Good, who was in high school at the time, and another aspiring wrestler at Les Thatcher’s wrestling academy were booked as a tag team of “stoner football players” who wore football jerseys and football pants to the ring and acted like airhead jocks. But they hadn’t come up with a name, so when Good learned he’d actually be performing in front of an audience for the first time, he needed one fast. 

“I didn’t have a name. I’d probably been thinking about names for years and years, but I had no ideas. The day we had our first match—it was the ‘always bring your gear, because you never know when you’re going to have your first match’ thing—I had no idea I was going to have a match that day. I thought I would just sit, doing security and sell soda pop or whatever. They’re like, ‘Yep, you’re in the third match.’ I remember being so nervous. There’s like 14 people in the crowd or something like that. Now I don’t get nervous at all, but for that day I almost immediately s--- my pants.

“So, right before I’m about to go out the ring announcer said, ‘What’s the name?’ I didn’t have one. I was baffled. I froze up. I didn’t have a good name. We had football uniforms on and this other wrestler guy was just like, ‘It’s like the Varsity Blues guy. He’s like the guy from Varsity Blues, Jonathan Moxley.’ They’re like, ‘That’s cool.’ I was too nervous to say yes or no.

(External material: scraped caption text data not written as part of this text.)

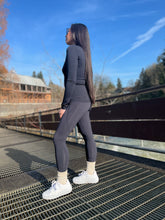 Load image into Gallery viewer, Dani active zip up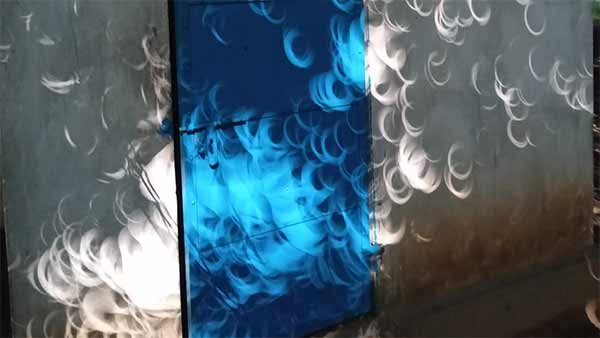 முழு சூரியகிரகணம் முழு சூரியகிரகணம்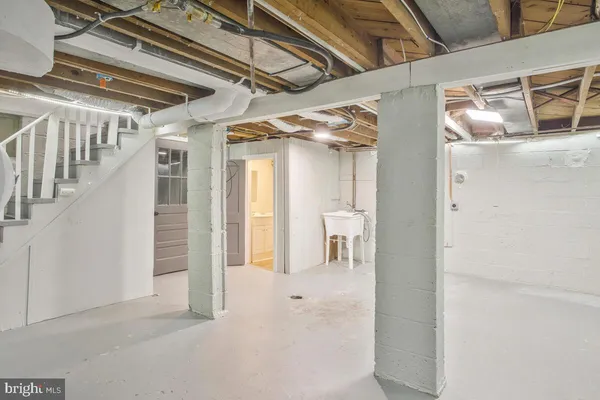 $3,400 | 509 Denham Road, Rockville, MD 20851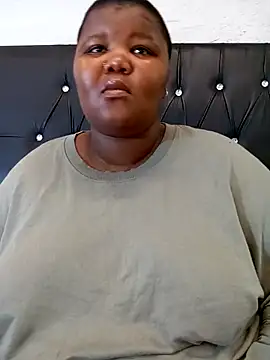 Snapshot of LadyBear2002 chatting on 3, 2, 2026 LadyBear2002 online show from 3, 2, 2026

“Literally on the spot within 90 seconds, that’s where the name comes from. Actually, in the movie, it’s Moxon. So the guy screwed up the name a little bit. It wasn’t my idea at all. It was just foisted upon me.

“I dropped the football thing after like six months, I just kept the name, locally. I’ve always kept it. I don’t mind it. It works.”

(The conversation begins at the 11:00 mark here.)

Good kept using the Moxley name, earning a reputation as a hardcore brawler who had brutally violent matches in promotions like Combat Zone Wrestling. He was signed by WWE in 2011, at which point he became known as Dean Ambrose. After he left WWE in 2019, Good teased a return to the Moxley gimmick with a movie trailer-like video that depicted him escaping from prison. When he made his surprise appearance at AEW’s Double or Nothing pay-per-view, Jon Moxley was officially back in wrestling for the first time since 2011.

Though he used the name for many years, Moxley did not try to gain legal control of it until recently. On Feb. 7, Good filed trademark applications for the Jon Moxley name and for the use of “Mox” on apparel.